What you should do:
From the line containing "Man working on project in his home garage." to the last line of the data below, copy everything exactly and nothing else; pictures stay out.

Data listing:
Start of Block
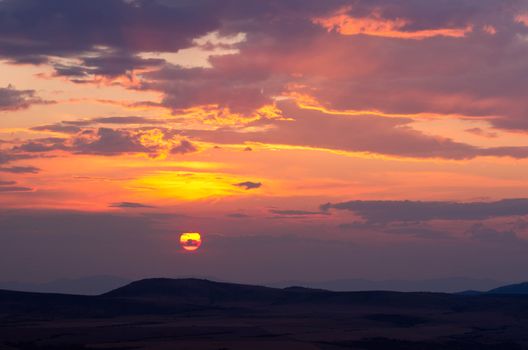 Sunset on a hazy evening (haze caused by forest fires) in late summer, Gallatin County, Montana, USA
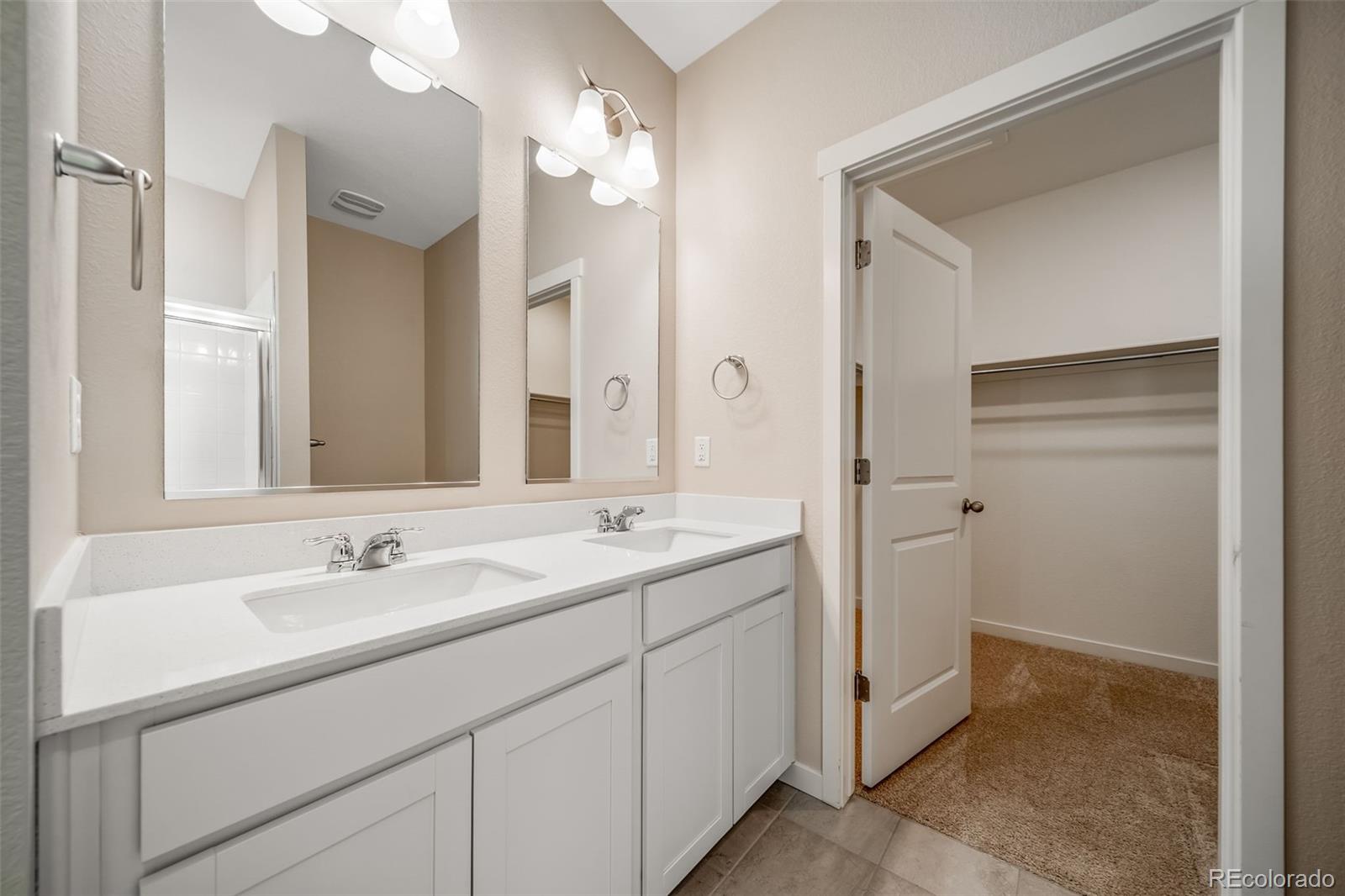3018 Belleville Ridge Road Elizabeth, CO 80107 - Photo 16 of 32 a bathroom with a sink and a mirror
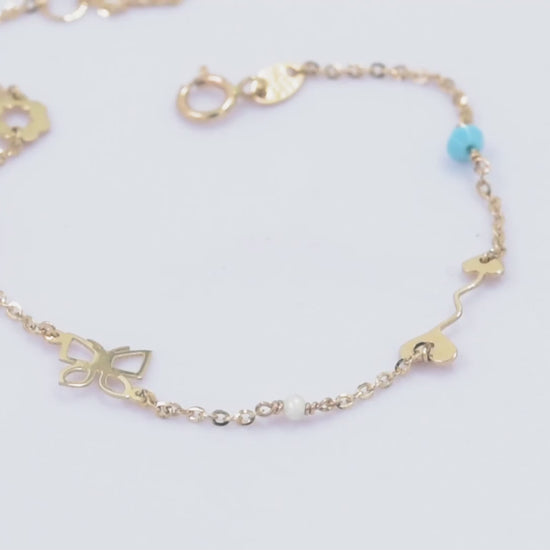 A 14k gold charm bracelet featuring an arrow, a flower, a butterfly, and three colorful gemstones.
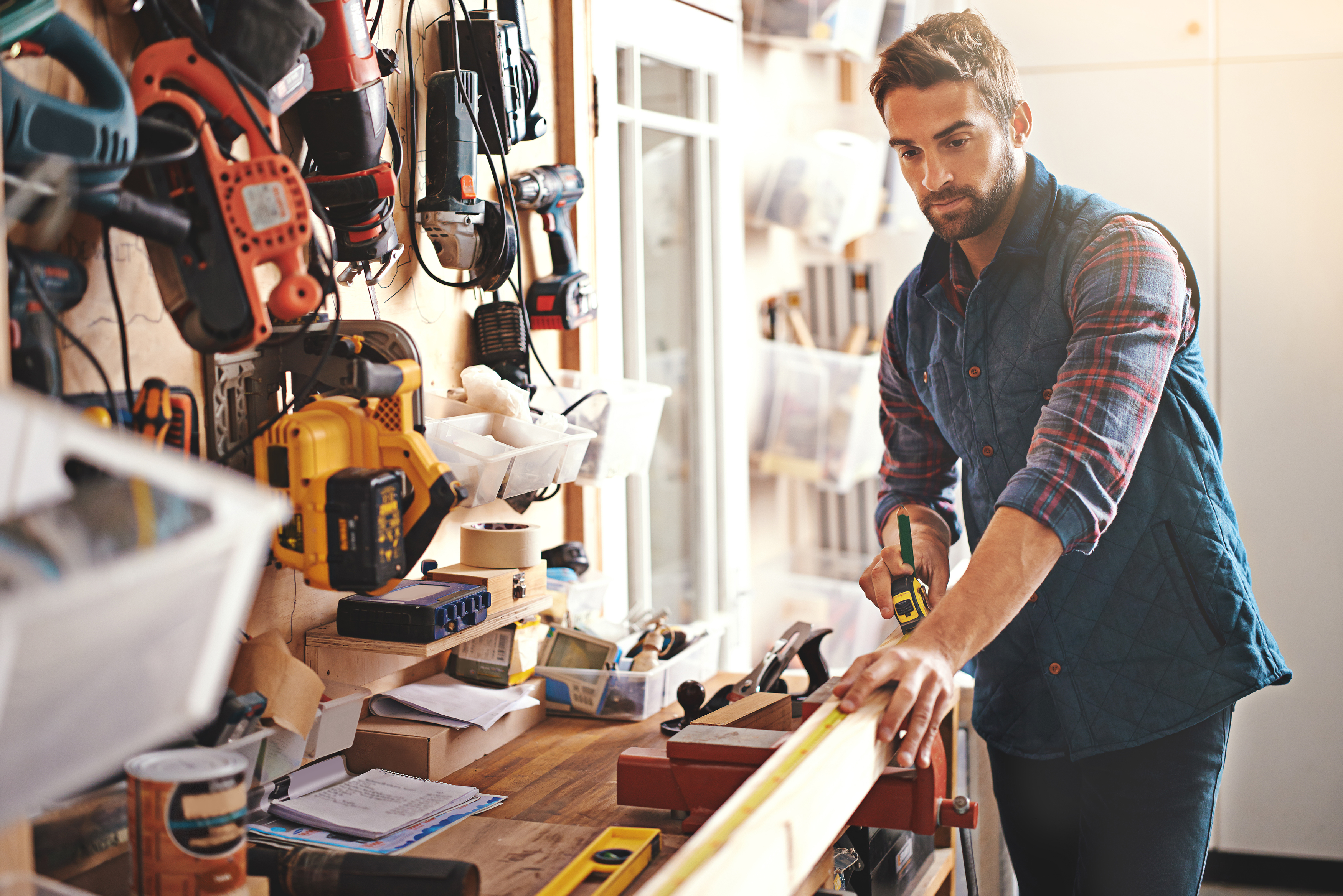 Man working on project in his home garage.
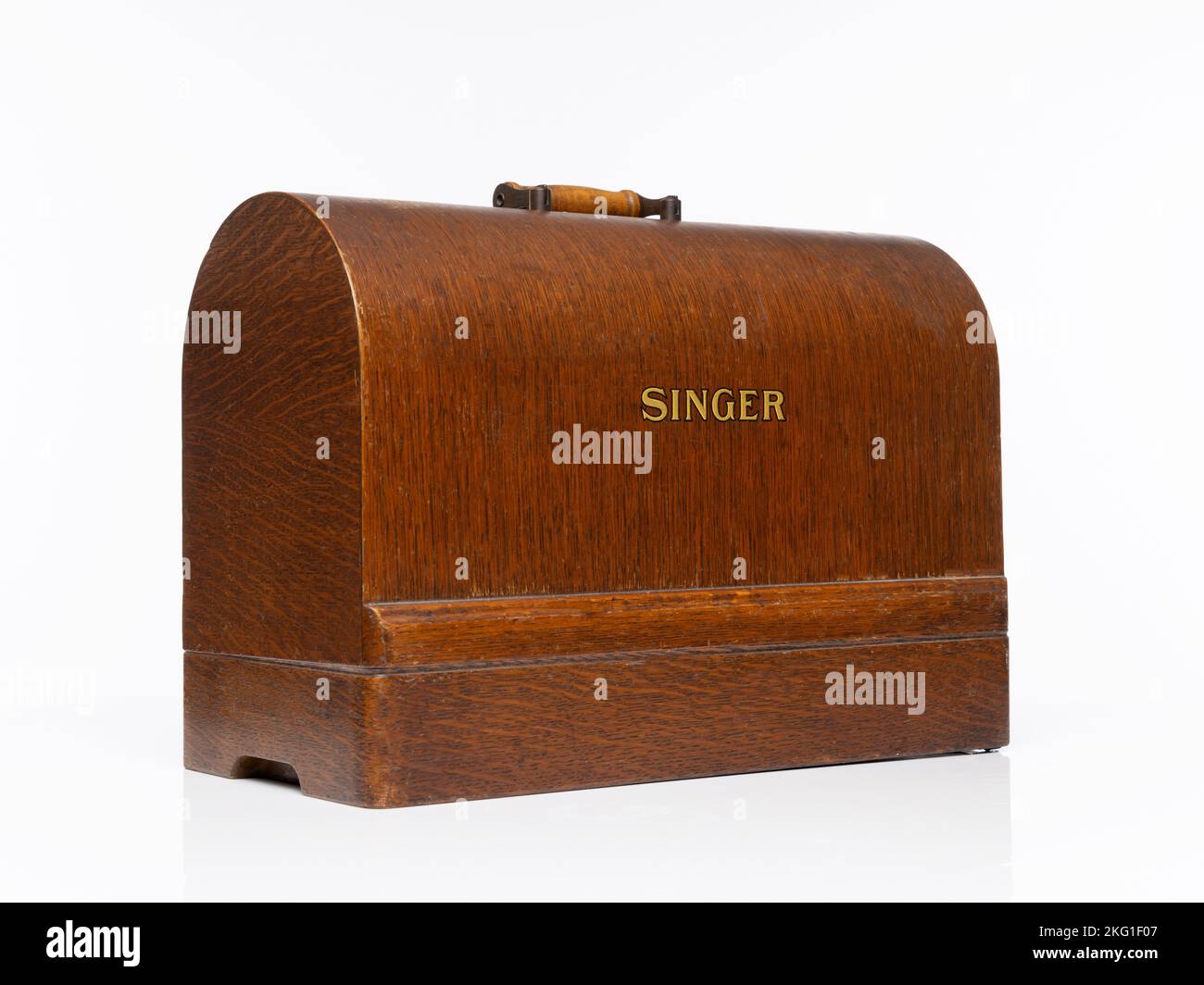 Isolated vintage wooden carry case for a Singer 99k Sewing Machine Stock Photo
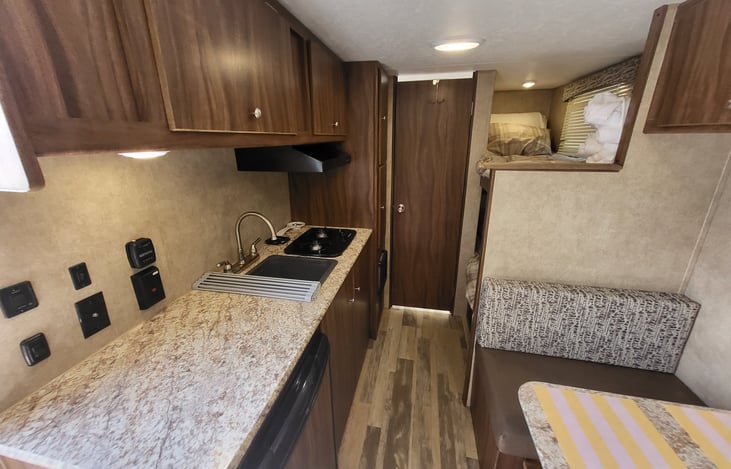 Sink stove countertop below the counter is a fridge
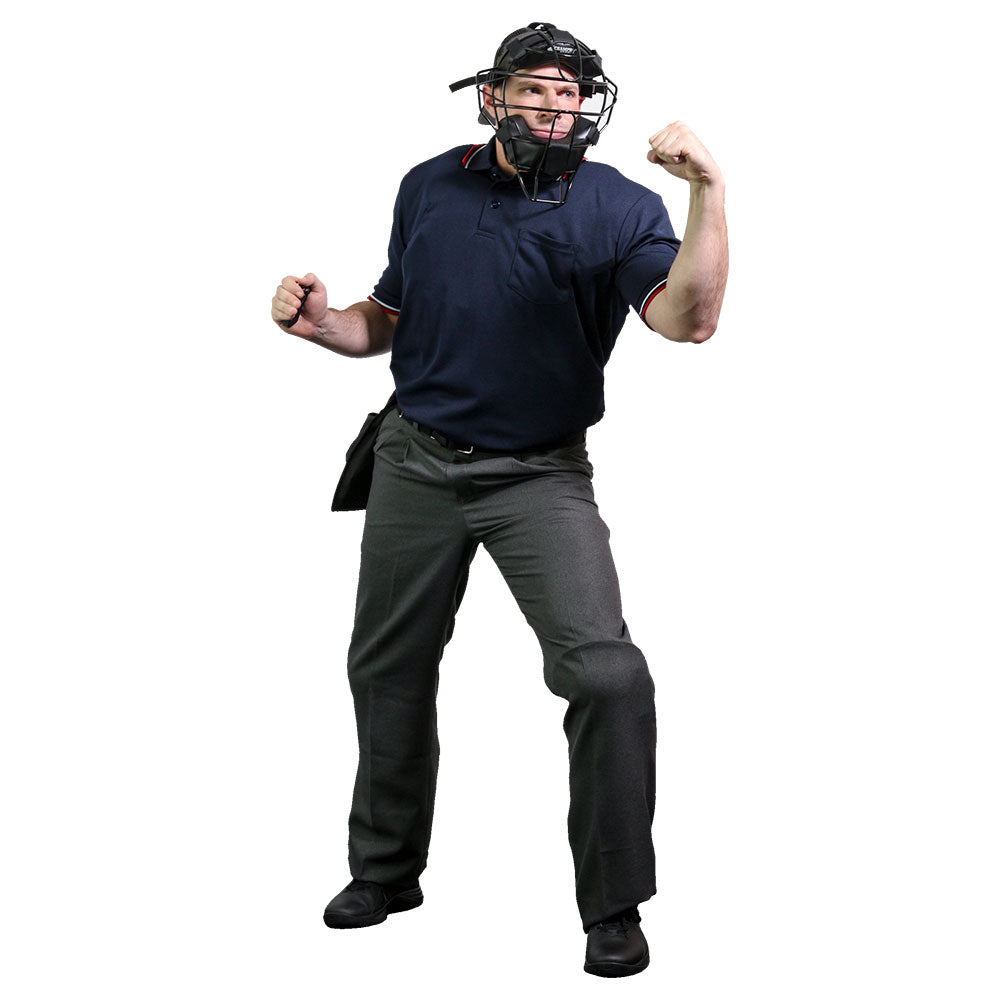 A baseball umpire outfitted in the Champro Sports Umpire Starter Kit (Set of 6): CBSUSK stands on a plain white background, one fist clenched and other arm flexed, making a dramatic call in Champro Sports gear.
End of Block
Solution to the problem:
 Man working on project in his home garage.
 Isolated vintage wooden carry case for a Singer 99k Sewing Machine Stock Photo
 Sink stove countertop below the counter is a fridge
 A baseball umpire outfitted in the Champro Sports Umpire Starter Kit (Set of 6): CBSUSK stands on a plain white background, one fist clenched and other arm flexed, making a dramatic call in Champro Sports gear.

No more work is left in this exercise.